What the task requires
In the entries below, which lines run from the one with "Russia #1 1-BD" through the one with "셉띠엠브레 소가죽 슈즈"? Repeat exactly those, both included, and no pictures.

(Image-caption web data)
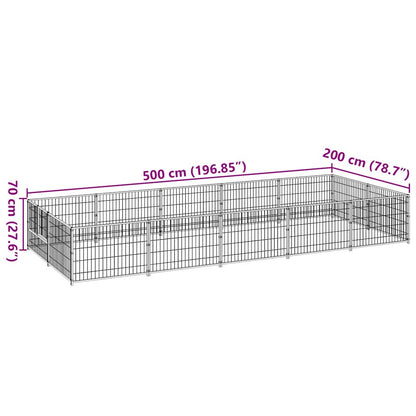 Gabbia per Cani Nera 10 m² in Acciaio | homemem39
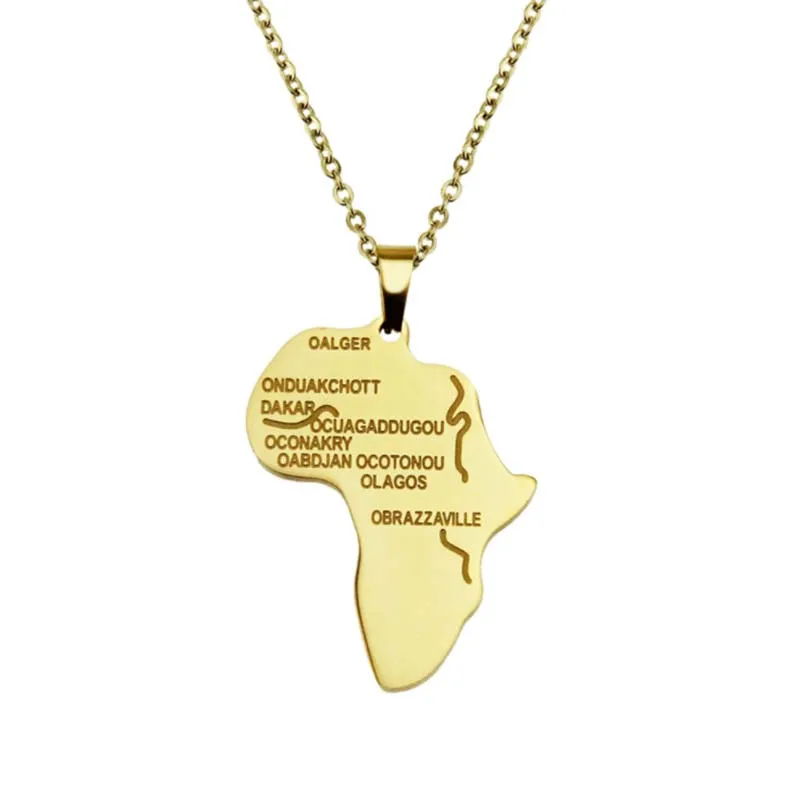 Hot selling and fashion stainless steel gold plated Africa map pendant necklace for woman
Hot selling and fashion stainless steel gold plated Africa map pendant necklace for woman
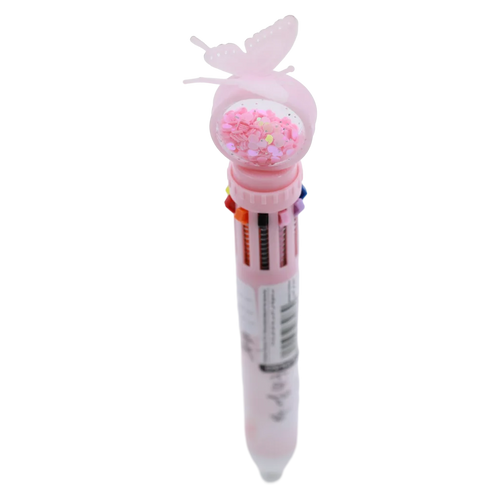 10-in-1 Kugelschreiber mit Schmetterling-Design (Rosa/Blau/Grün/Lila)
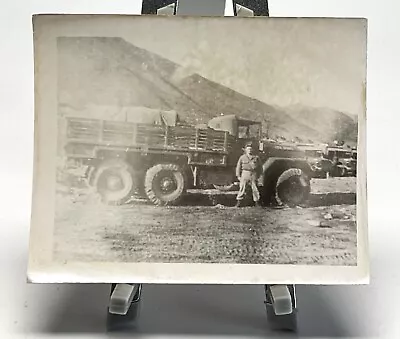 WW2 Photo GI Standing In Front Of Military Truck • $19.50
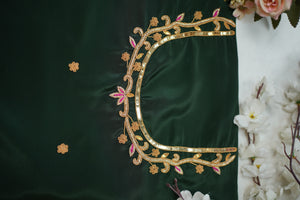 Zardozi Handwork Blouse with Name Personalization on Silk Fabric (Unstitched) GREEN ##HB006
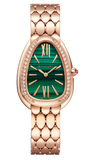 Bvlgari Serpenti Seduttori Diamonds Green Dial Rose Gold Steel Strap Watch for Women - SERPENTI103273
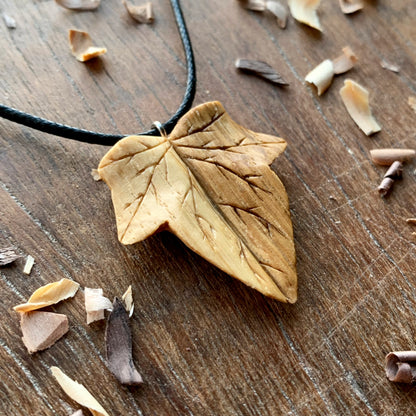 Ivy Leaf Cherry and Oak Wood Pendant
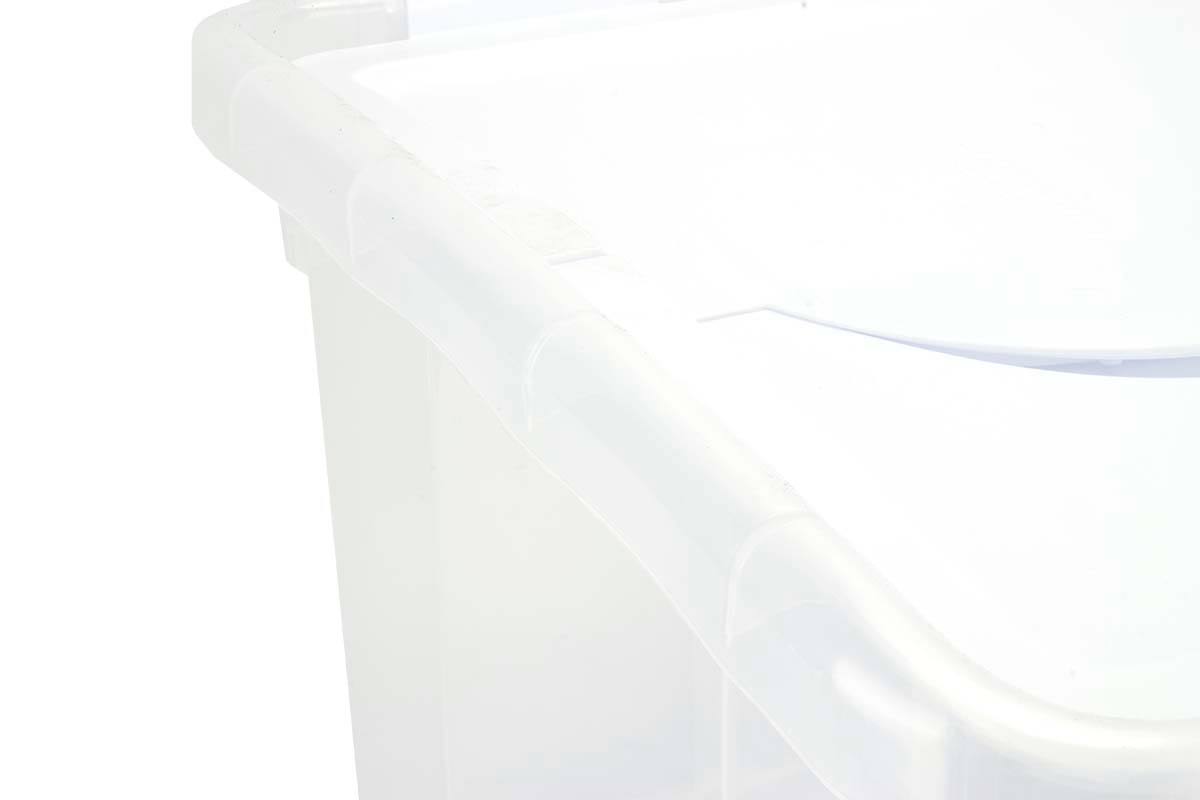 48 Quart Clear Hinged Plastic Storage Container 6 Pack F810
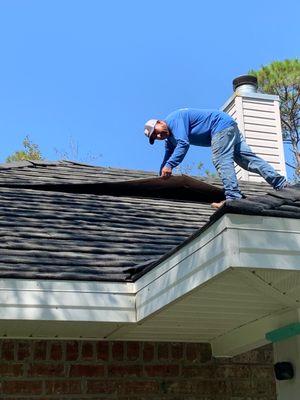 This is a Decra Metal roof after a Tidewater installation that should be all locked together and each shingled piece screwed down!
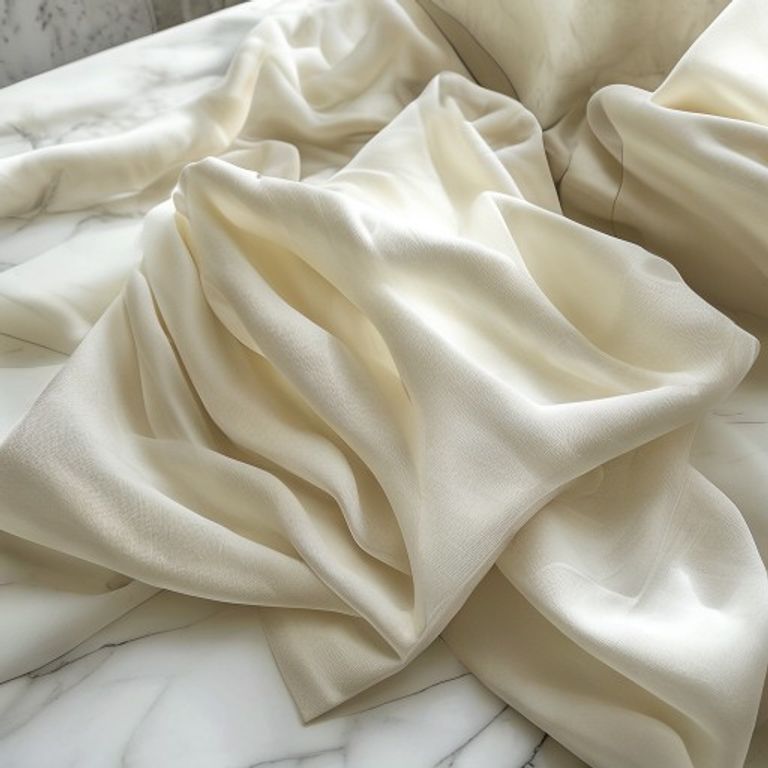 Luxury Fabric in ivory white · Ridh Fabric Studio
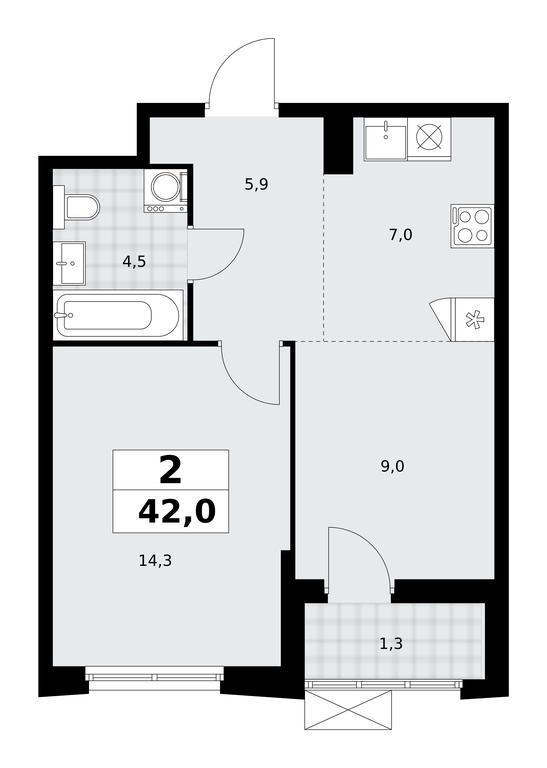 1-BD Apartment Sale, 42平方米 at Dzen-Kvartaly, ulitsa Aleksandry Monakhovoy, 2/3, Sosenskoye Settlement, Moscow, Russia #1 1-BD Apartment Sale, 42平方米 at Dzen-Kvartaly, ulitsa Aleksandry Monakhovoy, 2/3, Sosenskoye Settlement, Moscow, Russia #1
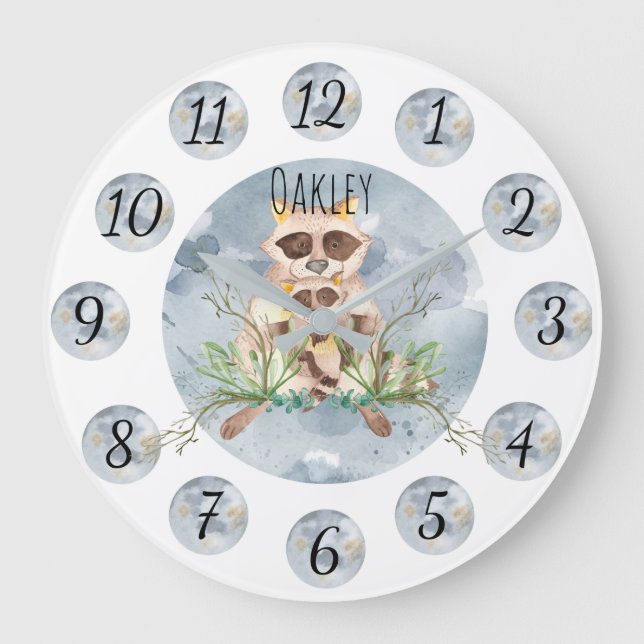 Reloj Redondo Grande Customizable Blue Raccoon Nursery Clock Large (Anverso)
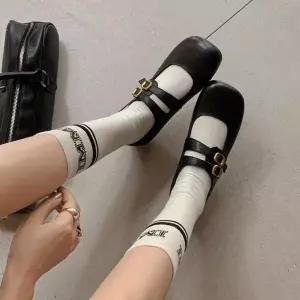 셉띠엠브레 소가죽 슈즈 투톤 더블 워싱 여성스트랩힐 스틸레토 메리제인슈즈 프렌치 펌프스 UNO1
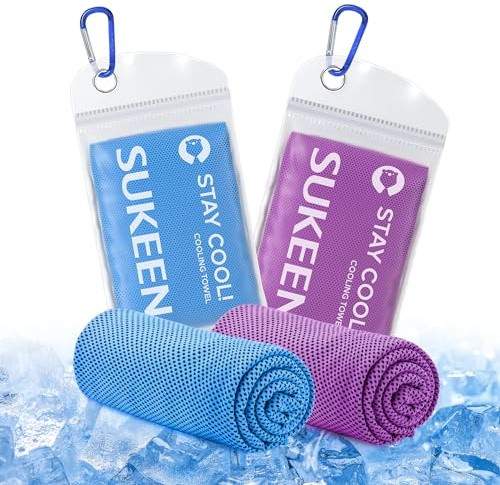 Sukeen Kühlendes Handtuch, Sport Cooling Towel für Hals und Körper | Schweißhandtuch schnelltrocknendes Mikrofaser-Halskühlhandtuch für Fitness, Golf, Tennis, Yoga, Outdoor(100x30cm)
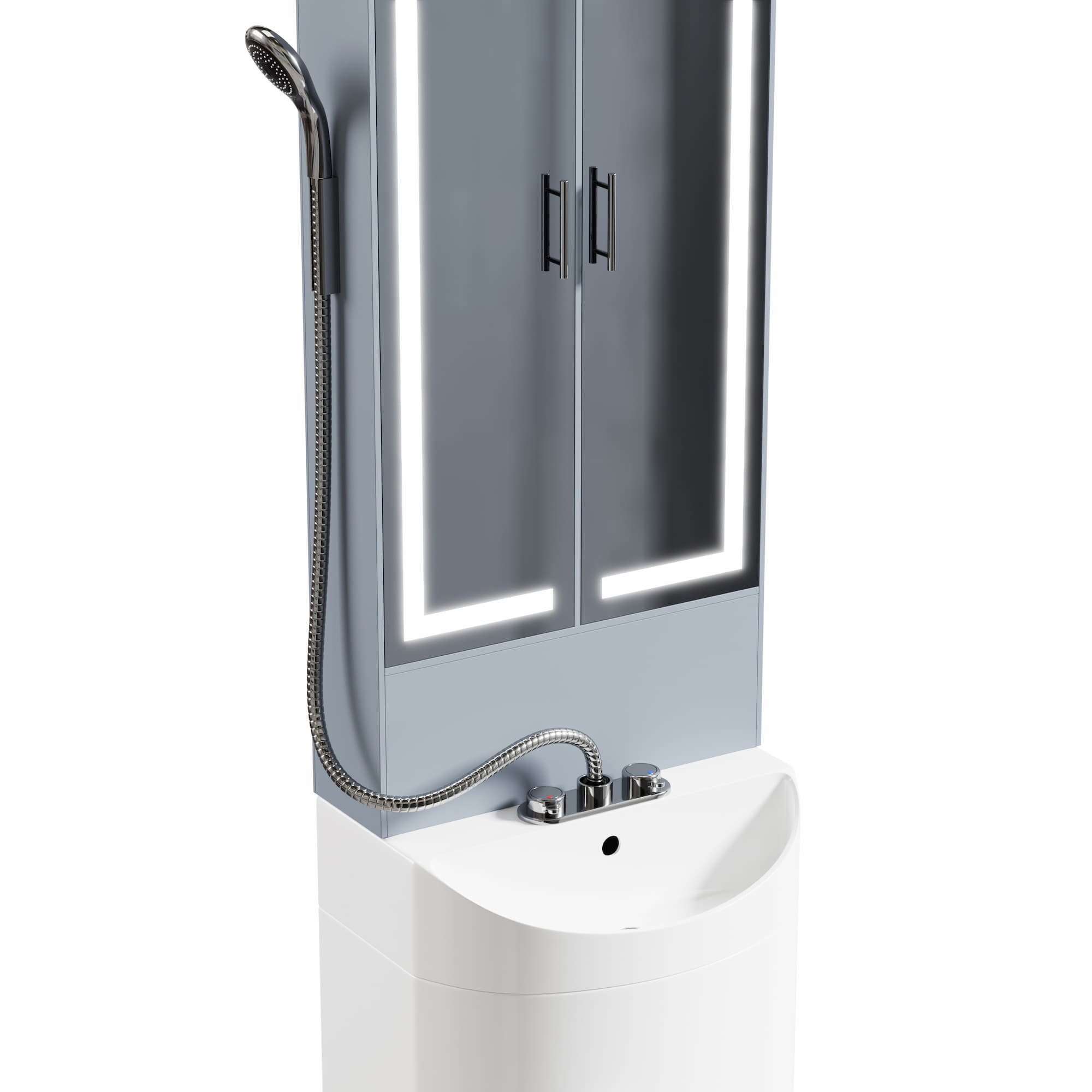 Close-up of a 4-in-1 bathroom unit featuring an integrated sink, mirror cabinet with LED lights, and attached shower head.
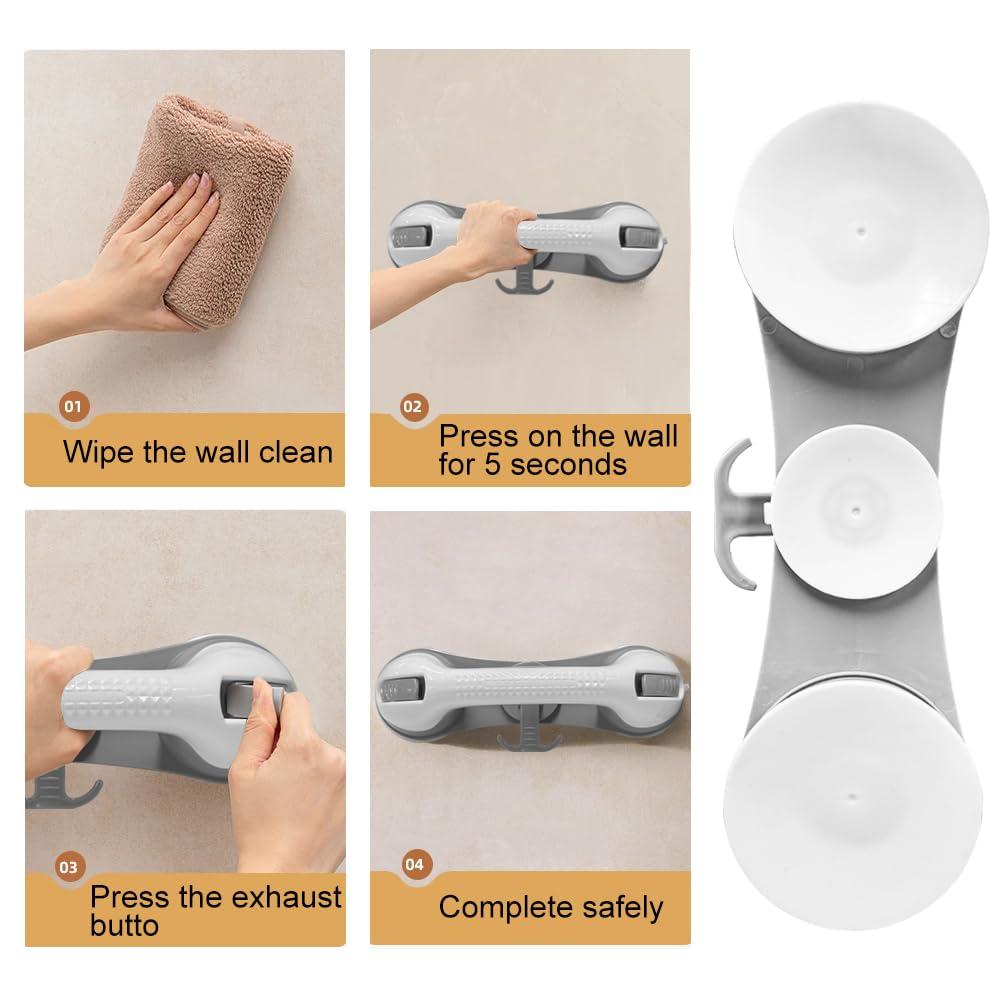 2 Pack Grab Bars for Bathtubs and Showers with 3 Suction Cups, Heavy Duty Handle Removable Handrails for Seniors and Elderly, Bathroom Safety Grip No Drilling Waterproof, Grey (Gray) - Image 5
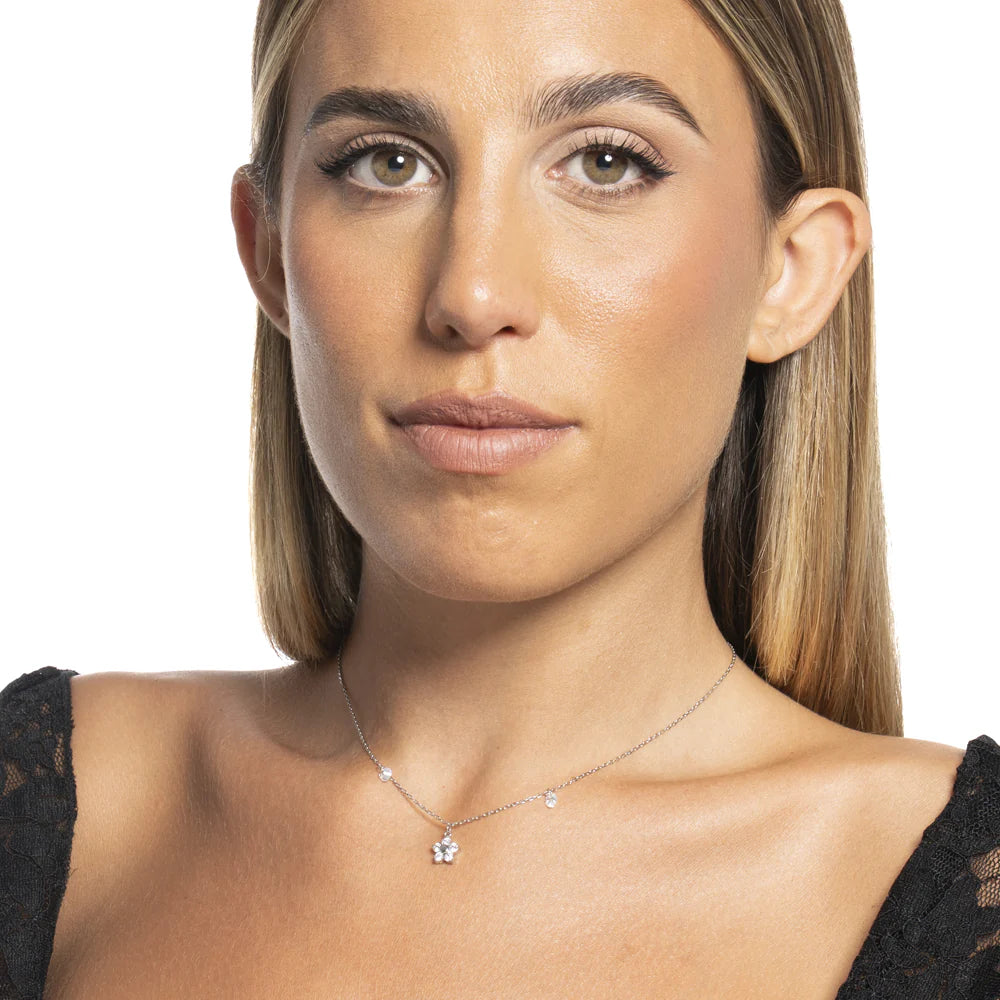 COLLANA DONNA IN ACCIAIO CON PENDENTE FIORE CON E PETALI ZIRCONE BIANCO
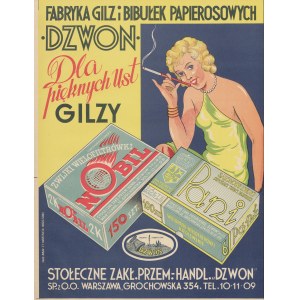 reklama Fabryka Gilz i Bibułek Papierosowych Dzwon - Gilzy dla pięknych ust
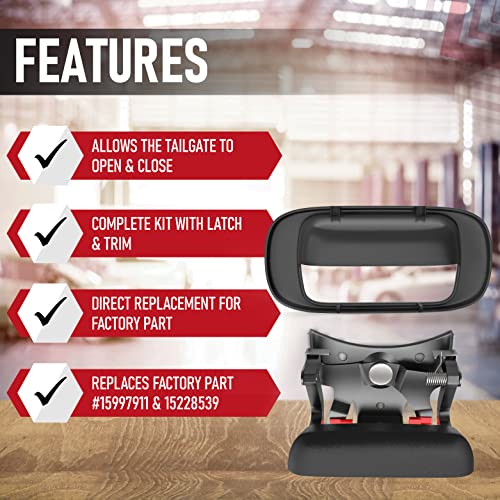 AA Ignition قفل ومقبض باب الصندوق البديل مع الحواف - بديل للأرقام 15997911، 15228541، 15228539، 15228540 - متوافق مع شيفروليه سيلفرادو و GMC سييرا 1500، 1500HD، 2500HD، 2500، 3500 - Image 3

Response area
 1-BD Apartment Sale, 42平方米 at Dzen-Kvartaly, ulitsa Aleksandry Monakhovoy, 2/3, Sosenskoye Settlement, Moscow, Russia #1 1-BD Apartment Sale, 42平方米 at Dzen-Kvartaly, ulitsa Aleksandry Monakhovoy, 2/3, Sosenskoye Settlement, Moscow, Russia #1
 Reloj Redondo Grande Customizable Blue Raccoon Nursery Clock Large (Anverso)
 셉띠엠브레 소가죽 슈즈 투톤 더블 워싱 여성스트랩힐 스틸레토 메리제인슈즈 프렌치 펌프스 UNO1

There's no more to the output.